A calça jeans, a jaqueta listradinha cobriam o corpo de Davi Gabriel, 6 meses, que vinha para a consulta com o pediatra na capital. Dia de pediatra é arrumar o pequeno para sair de casa, de lhe mostrar as coisas do mundo - fora da casa, para além da praça vizinha, do bairro onde moramos. Ficamos tão excitados quanto eles. (Foto: Reprodução/TV Bahia) É dia que teremos respondidas expectativas - de que estão crescendo bem, de que as habilidades cognitivas estão se desenvolvendo, se ganharam peso. Nos atemos às medidas como notas de um boletim. No fim, a apreensão em saber se estamos fazendo tudo certo, dá um orgulho danado - ainda mais quando se encara pela primeira vez essa missão. 

Quando a gente tem um filho, é inevitável não se colocar no lugar do outro, não imaginar a dor que sentiu/sente sua família, sua mãe, seu pai, de ver seu pequeno, carregado, inerte - é muito forte isso, e embora já tenha ouvido falar sobre esse sentimento, nunca havia sentido.

Mas esse bebê não chegou ao seu destino, não chorou ao ficar nuzinho na balança do consultório, não mostrou o que já havia aprendido.

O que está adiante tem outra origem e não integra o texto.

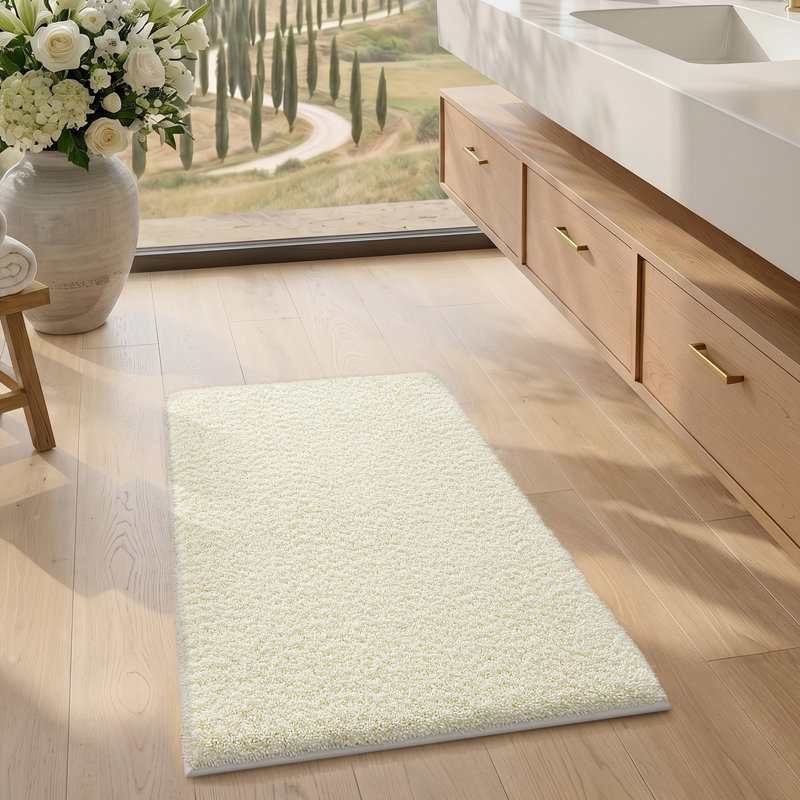 Tapis pour salle de bain antidérapant rectangulaire antidérapant 20 po x 32 po , Simple - L 32 po x l 20 po, Crème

Morreu.  Ao montar aquele cavalo marinho que não concluiu sua missão de transportá-lo, de levá-lo ao pediatra em segurança.

Porra seu cavalo marinho, por que não foi forte? Que se empinasse nas ondas, permitisse que Davi te segurasse pela crina e não soltasse mais. Para que ele viesse ao pediatra, pra que a mãe dele soubesse que crescia bem, pra que não doesse tanto assim, na gente e em mim.